Welcome to a strange paradise.
I pass through an endless arrangement of air conditioned comfort, along travelators, down escalators, airport/hotel pickup and eventually to the door of my hotel. At last I am outside. I am whacked by a wall of heat. This place is hot. It's already 37 degrees centigrade and it's only 8:00am.
My first impressions of Dubai are formed from stolen glimpses out of the Taxi window. Muted pictures, through the sand haze, of what this city aspires to be. Acre on acre of concrete, fenced in with scaffolding and overhung by tower cranes. Tower blocks look eerily abandoned rather than half-made. So much is out of bounds—still a building site, everything else: desert. It is like nothing I’ve seen before... and it is like nothing I’ve seen of Dubai before either. What I’ve seen up to now are renderings and artists impressions, immediate in their pictorial seduction, but all still some way off completion—still building sites littered with cranes and workers dressed in their matching blue overalls. Dubai is the stuff of the current city in its pure form.
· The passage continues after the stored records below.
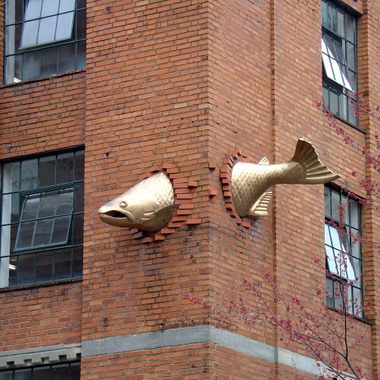 The salmon swimming through the building.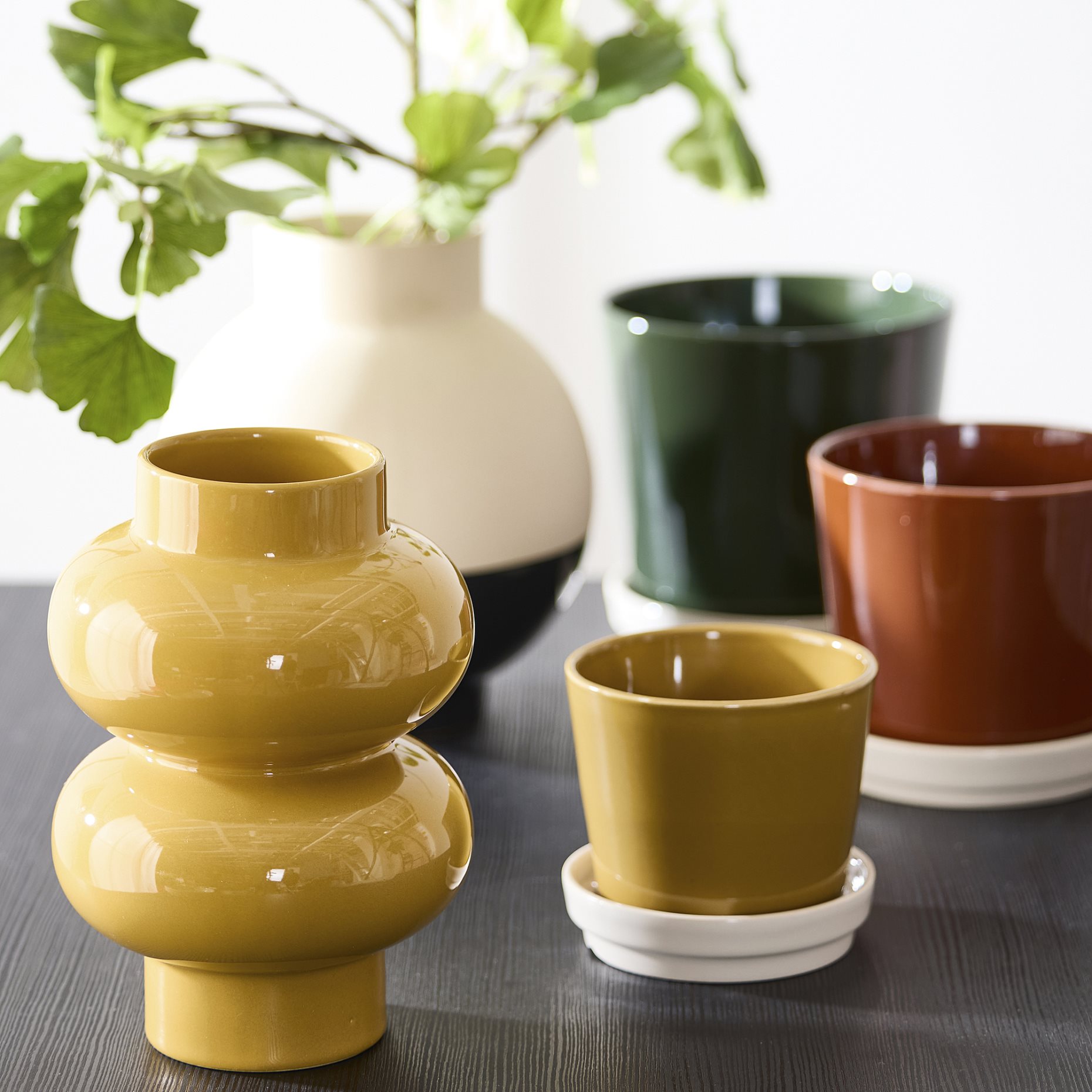KLOTLÖNN, plant pot with saucer in/outdoor, 9 cm, 505.982.71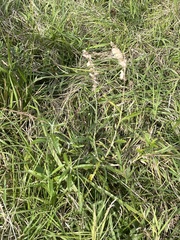 Pterocaulon virgatum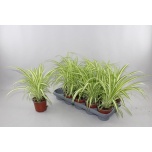 Chlorophytum Tups-rohtliilia Variegatum 12cm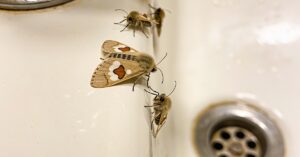 Ćmianki w łazience: jak zwalczać te małe muszki domowymi sposobami?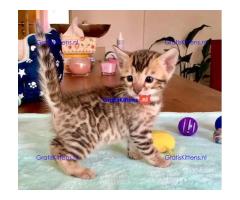 Intelligente Bengaalse kittens ter adoptie.
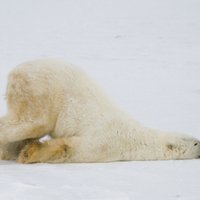 Jestri kadri ar polārlāčiem, kuri mudina baudīt ziemas priekus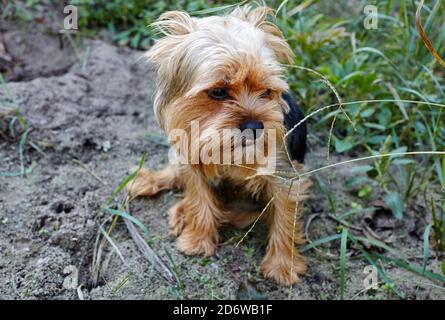 Schöne yorkshire Terrier auf einem Gras warten auf Spiel. Portrait von netten Hund. Stockfoto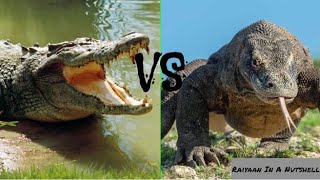 Komodo Dragon Vs Crocodile [upl. by Jac]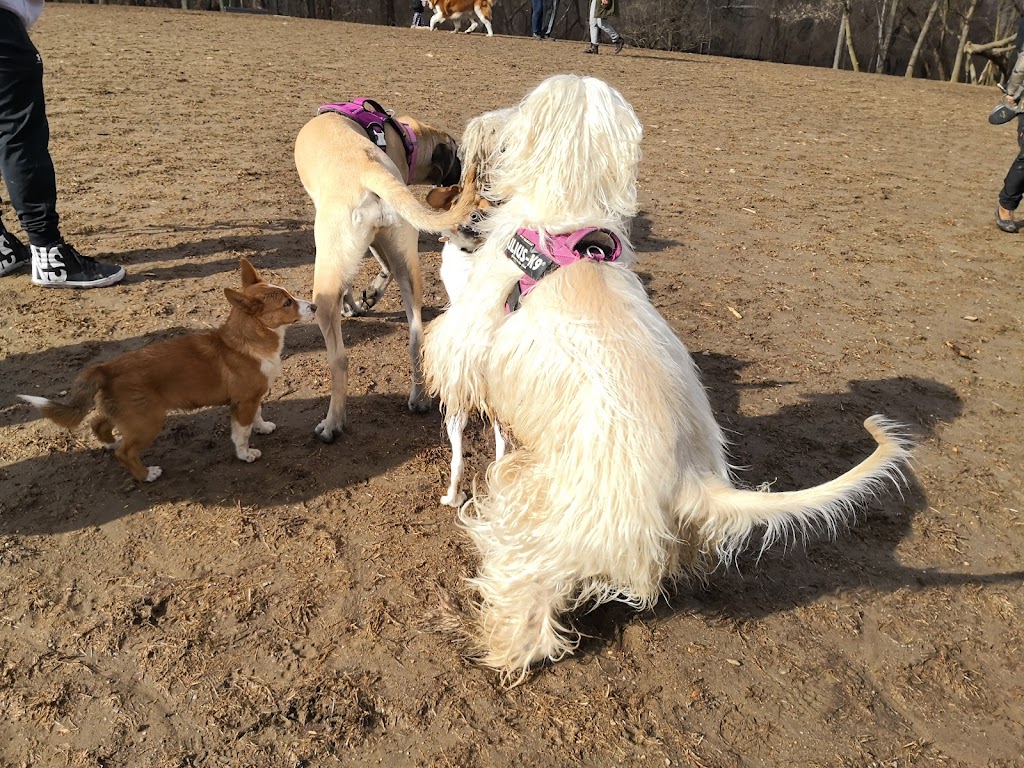 Paws Place Dog Park | 300 Broadfield Rd, New Rochelle, NY 10804 | Phone: (914) 654-2087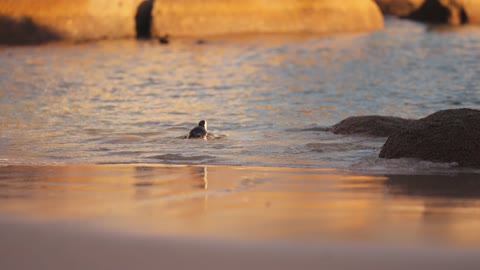 Cute Pinguin - Beach - Wild animal's Life - Adorable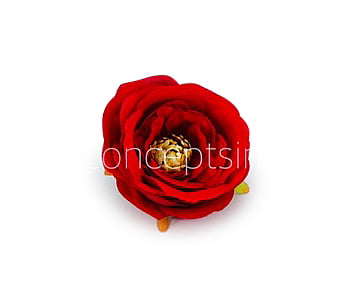 Camellia Flower - Red Camellia Flower - Red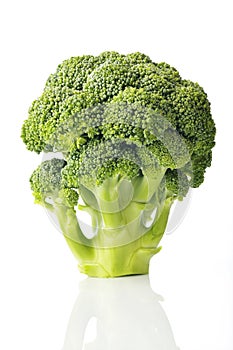 Fresh Green Broccoli on White Background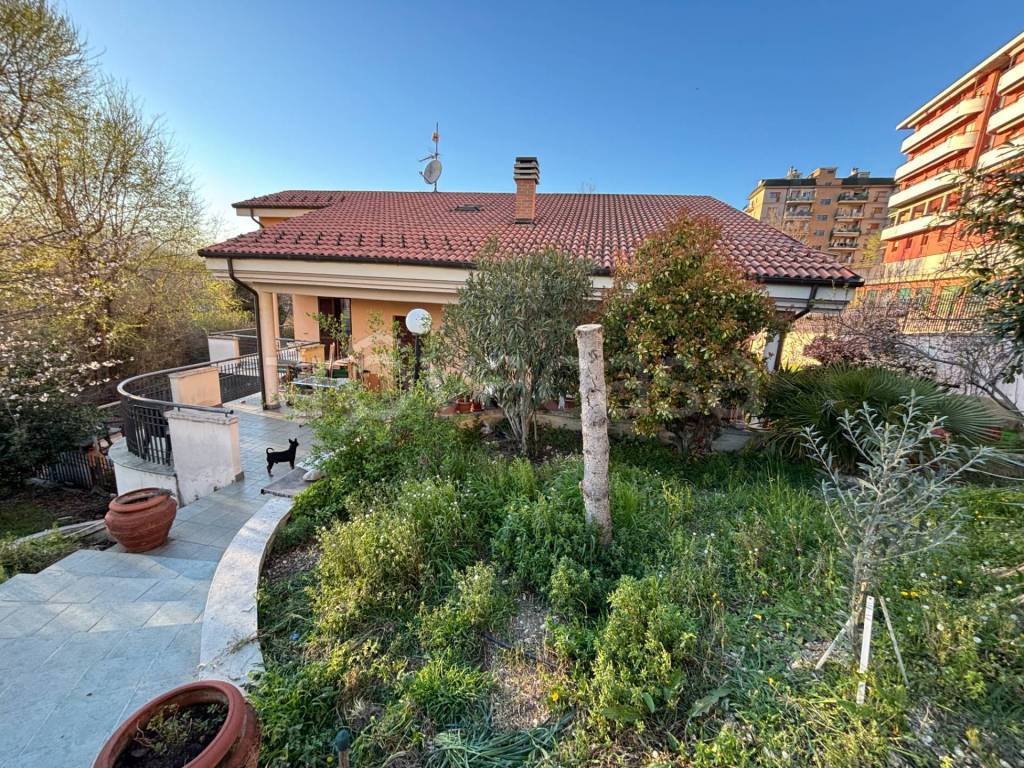 immagine annuncio 3 di 15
It is a city in construction now.
If I am to get any where near close to understanding this place it is clear I am going to have to read it differently from anywhere else. From this point on, the existing model of the city is dead. This unmistakably unique enterprise at city making, this city of endless means and ambition, needs to be understood on its own terms. Sudden conclusions and first impressions will be affected by my distinctly Western/Middle/Eastern** cultural baggage. I need to find a host of positions that are as plastic as they are imaginative.
It is not going to be enough to describe the 'Dubai Model'... the newly minted term for this particular brand of honed development package of unashamed growth and expansion. I can't simply litter a critique with superlatives or words like fantasy and authenticity. Without doubt, some of the spatial/political practices being carried out here are in need of urgent critical interrogation and accountability. But a Western/Middle/Eastern** paradigm can surely no longer be the benchmark?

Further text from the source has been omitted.